Doit-on réellement s’étonner des résultats de l’étude, publiée le 22 août, de l’UFC-Que choisir sur les marges incroyables pratiquées par les GMS (grandes et moyennes surfaces) sur le bio ? La réponse est non. Pensiez-vous que les GMS se soient engouffrées sur ce marché avec comme objectif le soutien à une agriculture plus durable, au monde paysan en pleine déliquescence, tout en s’engageant vers la démocratisation du manger mieux ?
Cette étude nous prouve une fois de plus que la grande distribution conforte l’idée que bien manger est réservé aux riches. Qu’elle persiste dans ce qui a fait son succès : faire la poche des pauvres en leur vendant des bombes caloriques pas chères, se faire celle des agriculteurs qu’elle exploite depuis toujours. La grande distribution a laissé le bio se développer jusqu’à pouvoir le tenir entre ses mains : elle commence à négocier les prix avec des agriculteurs qui pensaient que le rapport de force était en leur faveur sous prétexte que la grande distribution avait besoin d’eux. Ce n’est plus le cas. Faute d’une production suffisante, les agriculteurs français sont mis en concurrence avec leurs collègues d’Europe de l’Est, d’Espagne, d’Italie, de Chine. Le temps où ils fixaient leurs propres prix approche de la fin. Ils découvrent que pour les GMS, ce qui compte d’abord, ce sont les volumes et les marges.
La lame à deux tranchants
La grande distribution est puissante, elle observe, copie de belles initiatives et donne l’impression qu’elle a tout inventé : produits issus du commerce équitable, produits locaux, labellisés, le bio, le vrac… Nous apprendrons bientôt que les GMS sont les pionniers et plus fervents acteurs de l’anti-gaspi après avoir javellisé un nombre incommensurable de produits depuis des décennies et fait payer de fait à leurs fournisseurs le coût de la donation des invendus aux associations caritatives.
La grande distribution a démocratisé le bio en jouant sur la cible des jeunes parents, tant mieux. Maintenant elle veut le bio pour elle toute seule. Enfin, sa valeur ajoutée, qu’elle garde pour elle, comme elle l’a toujours fait avec les produits agricoles. Pourquoi changer une stratégie payante, celle de la lame à deux tranchants, qui saigne les producteurs et les consommateurs les moins bien lotis ? Qui poignarde l’aménagement du territoire faisant crever les centres-villes et saigner les entrées de ville ?
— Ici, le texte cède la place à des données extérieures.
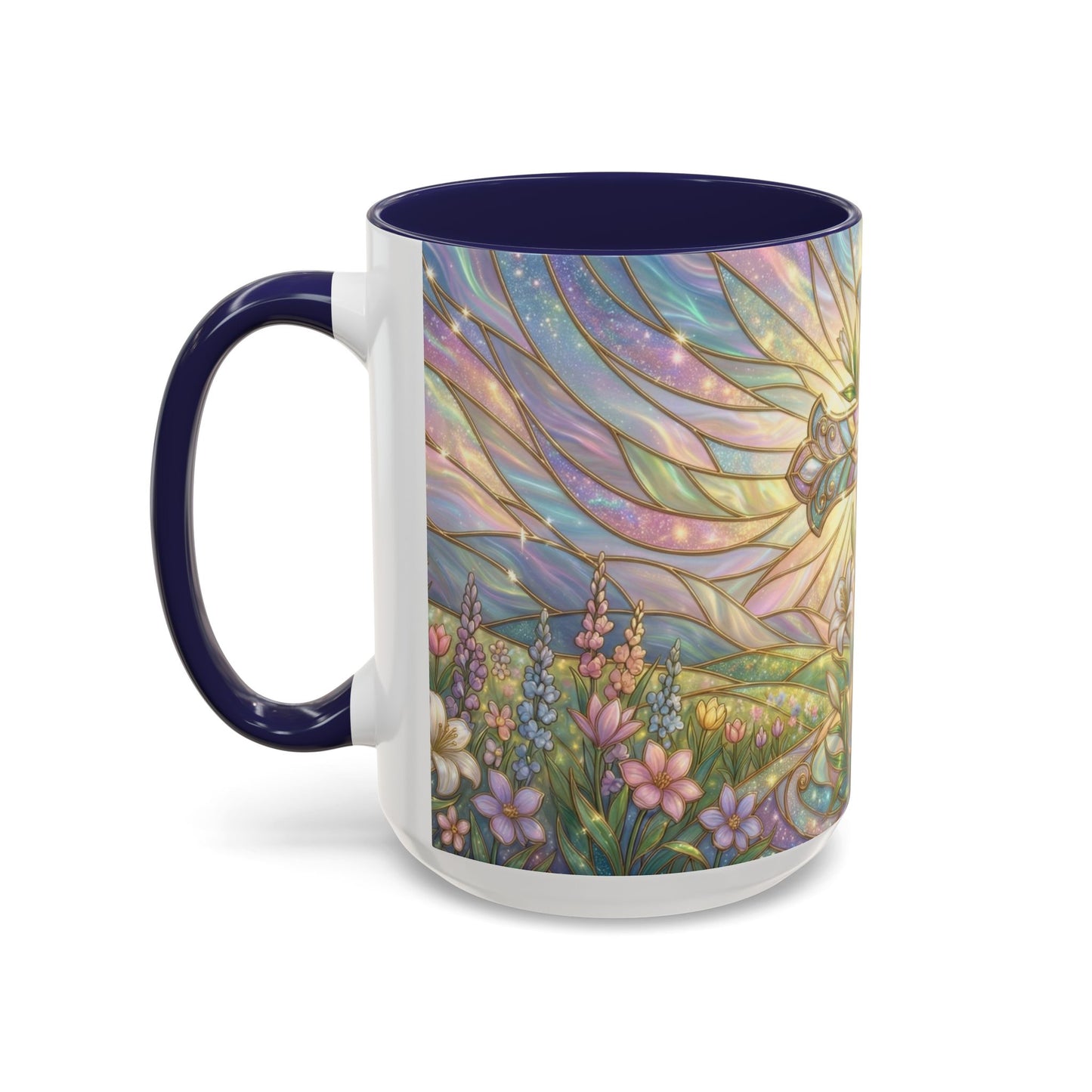 Stained Glass Cross Mug, Easter Lily Coffee Cup, Christian Religious Gift, Pastel Floral Faith Mug, Spring Believer Cup, Baptism Present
Nous restons persuadés que l’industrialisation de l’agriculture biologique est néfaste pour les consommateurs, pour les paysans, pour le bio tout simplement. Que le bio (comme l’agriculture de qualité, agronomique et sociale) est antinomique dans sa philosophie et ses principes à la logique purement prédatrice de la grande distribution.
Dans la mesure du possible, développons des alternatives, rapprochons-nous des producteurs soucieux de la terre et des humains, les agriculteurs qui travaillent avec les sols et les arbres, et engageons-nous dans des Amap, les épiceries bio indépendantes, ou toute autre forme de groupements d’achats, sans oublier les marchés de producteurs, ni les magasins de centre-ville à taille humaine. Achetons chez des fournisseurs dont le catalogue est exclusivement bio, ne faisons pas le jeu des grandes marques qui se rachètent une virginité en produisant une ou deux références bio parmi des centaines de produits saturés de conservateurs, d’additifs qui génèrent des dépenses de santé colossales. Ne soyons plus dépendants de la grande distribution, réapproprions-nous notre consommation.
Cette problématique n’est pas uniquement citoyenne, elle est aussi politique. Nous ne sommes pas des adeptes de la théorie du colibri : «chacun fait sa part» ne suffit pas, car à la fin de la légende, l’incendie court toujours… Les initiatives d’individus, d’associations, d’entreprises, d’agriculteurs et de communes sont légion, mais elles ne suffisent pas. C’est le rôle du politique d’en démultiplier l’effet, c’est son obligation de dire de quoi l’avenir sera fait en fixant des règles claires et donnant les moyens de les respecter.
Certes, au niveau national, ce n’est pas simple. Les états généraux de l’alimentation n’ont pas répondu aux attentes des acteurs de l’alimentation, la loi Egalim non plus. L’Etat a tout de même mis en place les plans d’alimentation territoriale (PAT) : en permettant aux collectivités de définir leur bassin d’alimentation, ces plans leur ont offert un levier politique pour conserver les sols et orienter les pratiques agricoles. Ce n’est pas suffisant, il faudrait que l’Etat et l’Europe soutiennent les agriculteurs agronomes, dont les bio, par les prix et des subventions adossées à l’entretien des paysages que cette agriculture assure. Il y a plein de possibilités.